EXERCISE INSTRUCTIONS. Repeat verbatim what the listing holds, but not its pictures.

*** RECORDS PROVIDED ***

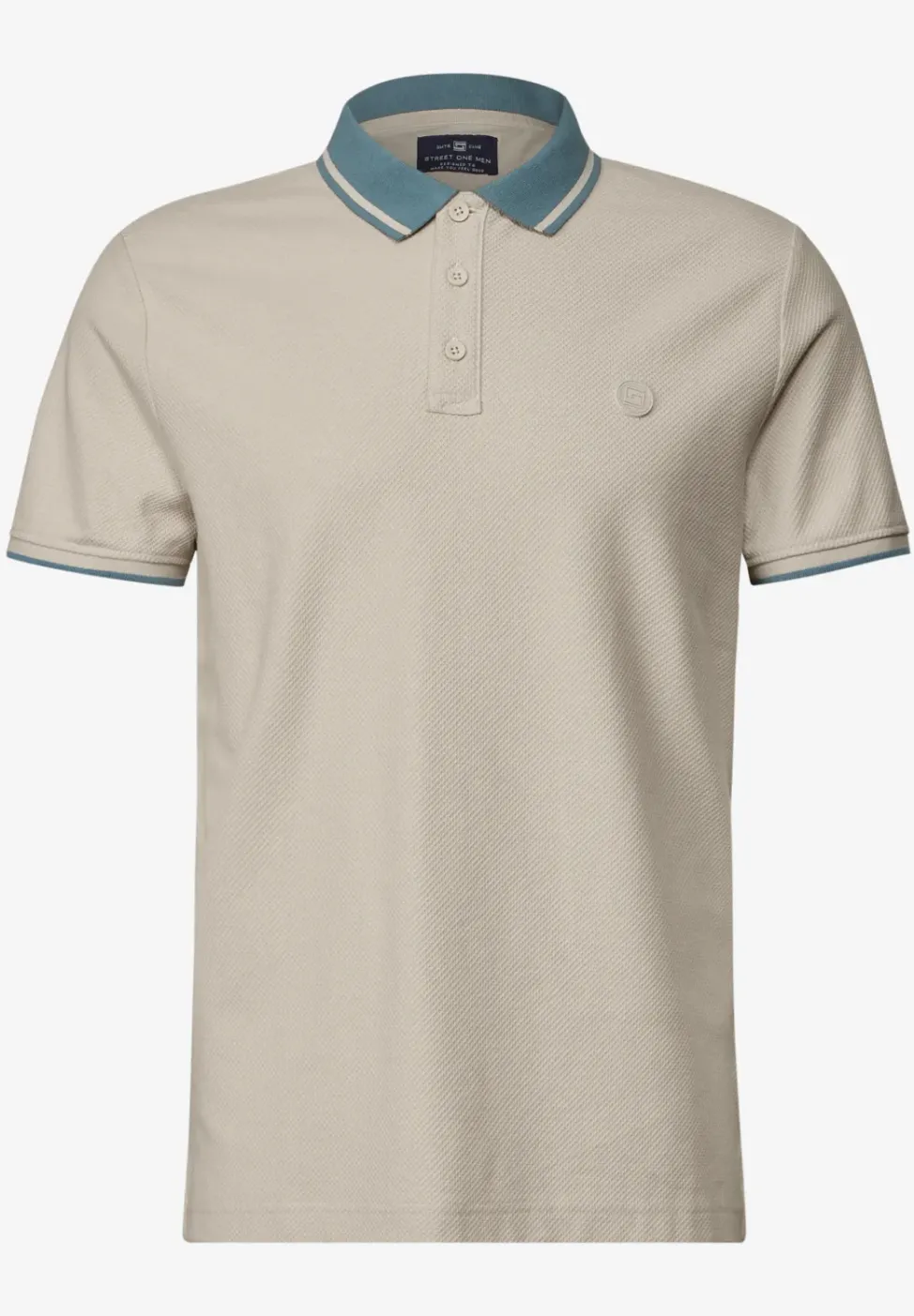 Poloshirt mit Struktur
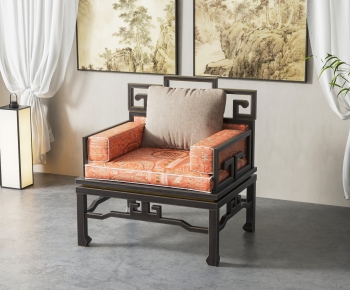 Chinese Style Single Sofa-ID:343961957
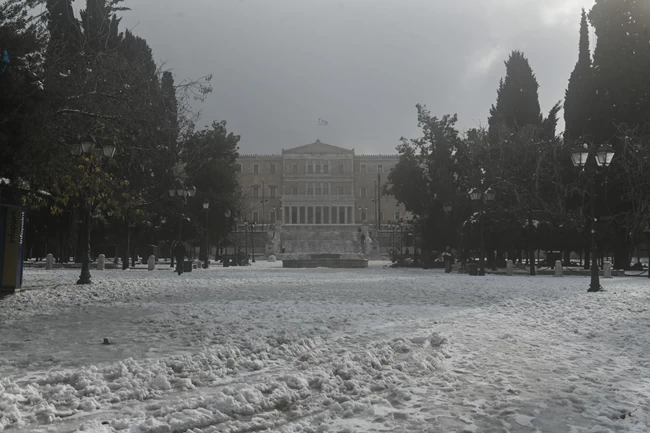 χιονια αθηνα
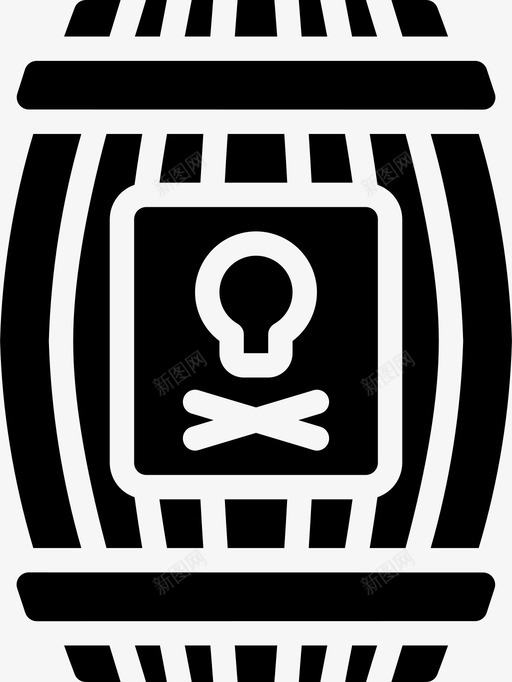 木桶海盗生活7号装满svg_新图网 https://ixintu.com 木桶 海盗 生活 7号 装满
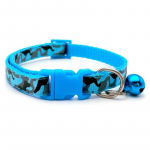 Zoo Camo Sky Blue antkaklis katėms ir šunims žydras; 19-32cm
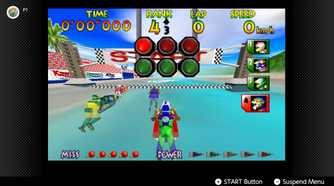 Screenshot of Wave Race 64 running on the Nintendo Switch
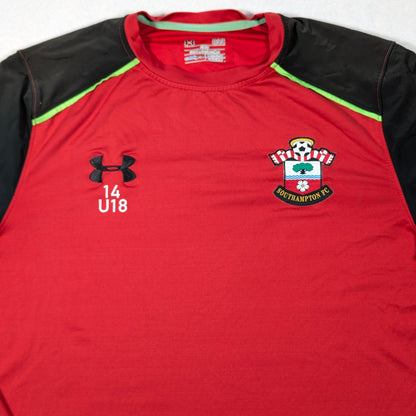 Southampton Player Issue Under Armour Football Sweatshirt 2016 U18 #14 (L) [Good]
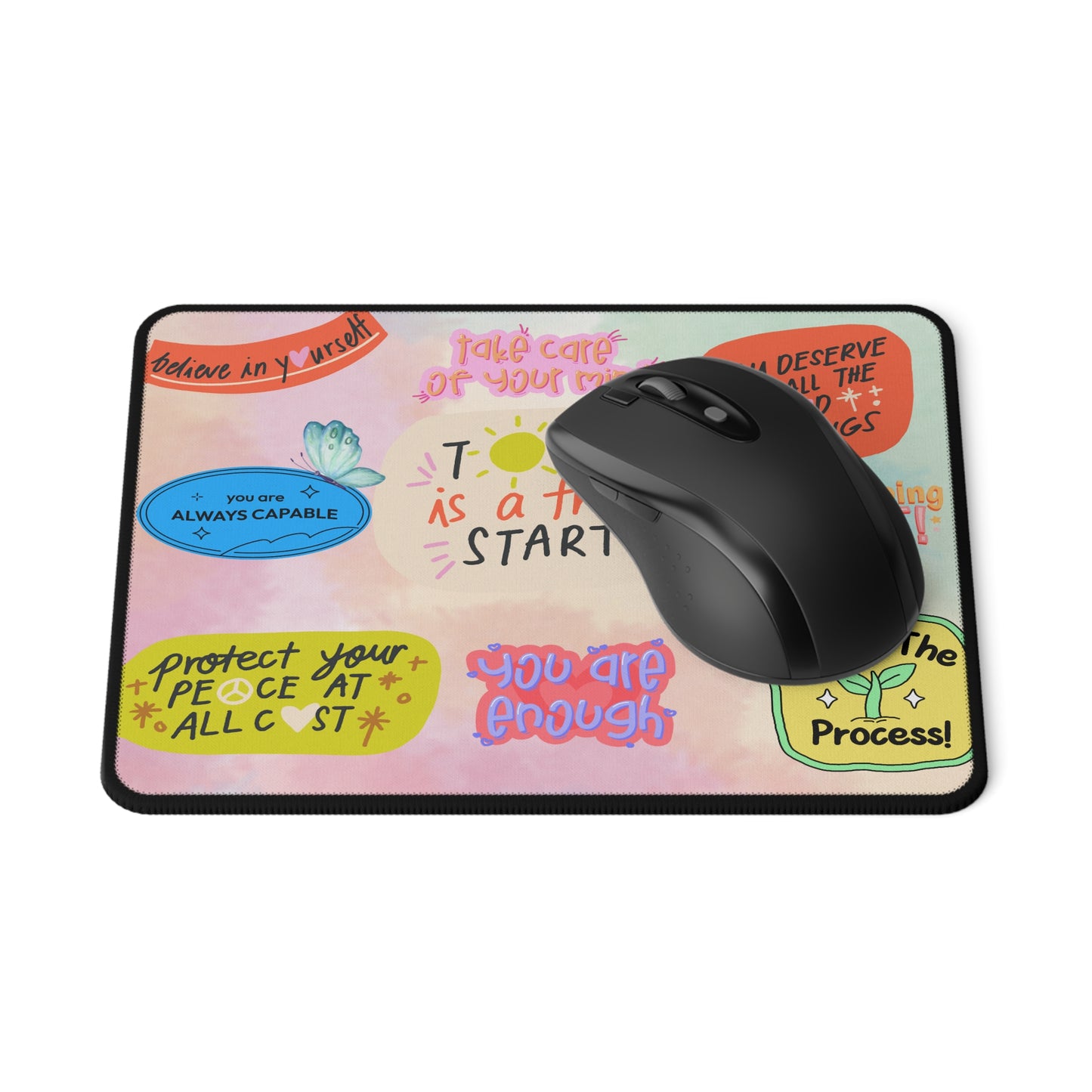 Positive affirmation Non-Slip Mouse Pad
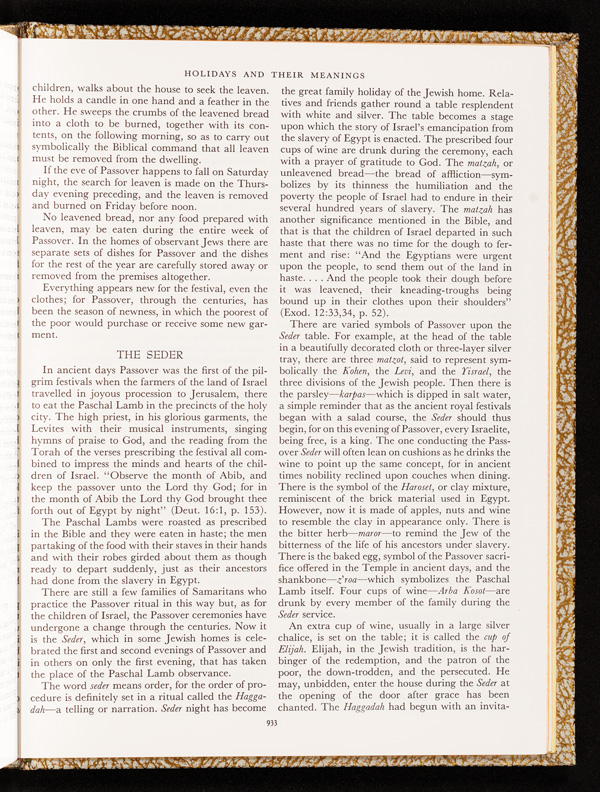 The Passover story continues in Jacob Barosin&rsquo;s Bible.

*** End of RECORDS PROVIDED ***

EXERCISE RESULT.
 Poloshirt mit Struktur
 Chinese Style Single Sofa-ID:343961957
 χιονια αθηνα
 木桶海盗生活7号装满svg_新图网 https://ixintu.com 木桶 海盗 生活 7号 装满
 Zoo Camo Sky Blue antkaklis katėms ir šunims žydras; 19-32cm
 Screenshot of Wave Race 64 running on the Nintendo Switch
 Southampton Player Issue Under Armour Football Sweatshirt 2016 U18 #14 (L) [Good]
 Positive affirmation Non-Slip Mouse Pad
 The Passover story continues in Jacob Barosin&rsquo;s Bible.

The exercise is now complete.